We went back at 4 p.m. for the opening of dinner. This time, the line filled up all three rows of fixed barriers, then stretched to the door; the 70 people or so were handled by two cashiers, one for the VIP line. By 4:15, even with another 25 or so stragglers showing up just after opening, the line was pretty well handled. By six, however, there were two lines, one backed up most of the way to the entrance with people waiting to pay, the other 10 deep after paying and waiting to be seated. The room was pretty full, so tables needed to be cleared before the second line moved. The same pattern repeated on a couple of checks on Sunday evening as well.
Sunday morning we went back and got there right at 8 a.m. to review brunch.
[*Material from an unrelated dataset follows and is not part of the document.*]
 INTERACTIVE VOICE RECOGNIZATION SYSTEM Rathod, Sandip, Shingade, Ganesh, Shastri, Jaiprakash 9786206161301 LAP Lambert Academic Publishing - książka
Frankly, we weren’t expecting a line that early, so we were a bit surprised that 25 people were ahead of us, almost all hungry Hawaiians (mostly Japanese-Americans). There was only one cashier, but she was very efficient, handling both the VIP and HP (hoi polloi) lines in staggered fashion. By about 8:30, most of the early activity had been handled, but around 9, the later crowd started showing up and the line stayed long until we left at 9:30. Plus, the tables had filled up, so the second line had formed.
Our conclusion? The reason we walked right in to review dinner was that it was a particularly slow weekend night in August. But over a busy weekend in November, the Garden Buffet fills up and the lines get long. For both brunch and dinner, it’s best to arrive as early as you can; for brunch, late is also the better play.
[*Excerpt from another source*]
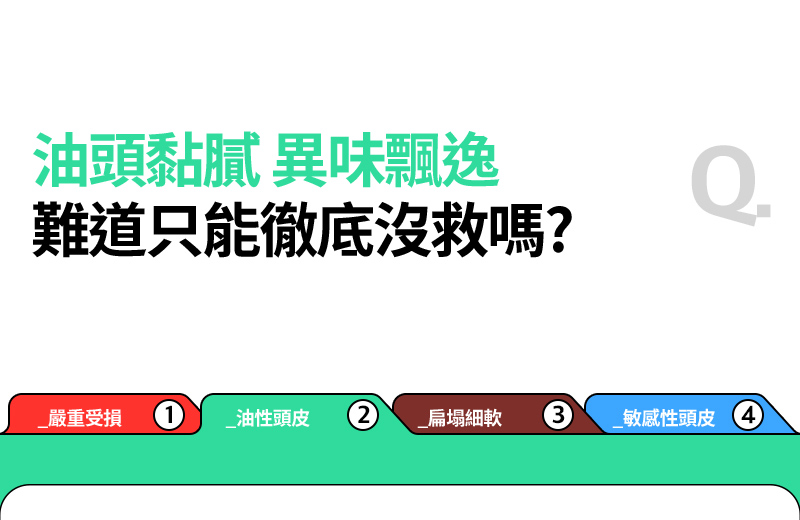 RYO,Taiwan,<p></p>,油頭黏膩 異味飄逸, 難道只能徹底沒救嗎?    _嚴重受損 1, _油性頭皮 2, _扁塌細軟 3, _敏感性頭皮 4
As for the brunch buffet itself, the selection was as extensive as dinner and the quality was about equal, which is to say good enough for downtown’s only buffet.
Being brunch, the salad bar had romaine, spinach, and toppings right next to bagels, lox, sliced tomato, kimchee, namasu (sliced cucumbers and carrots in a light vinegar sauce), and a toaster. Next to cold cereal and milk were six different kinds of pizza and garlic toast, crepes, corned beef hash, pancakes, waffles, and French toast. Steam-table eggs were scrambled plain or with chorizo, along with bacon, sausage, and home fries. The carving station offered ham, chicken, and three kinds of sausage (kielbasa, Italian, and Portuguese). Our cooked-to-order cheese omelet came out in less than a minute.
The lunch food included pulled pork and cabbage, Hawaiian beef stew, fried and shoyu chicken, fish of the day, roasted yams, green-bean casserole, mashed potatoes with turkey gravy, and mac and cheese.
The desserts occupy an entire serving island: self-serve soft chocolate and vanilla with toppings, pies, pastries, puddings, cakes, cookies, muffins, and sugar-free selections.
We went back for seconds and thirds of namasu, a second bagel and lox, pulled pork and mashed, and desserts.
The total price came to $29.95, which in this day and age is quite reasonable for the only Las Vegas buffet within several miles and a decent one at that.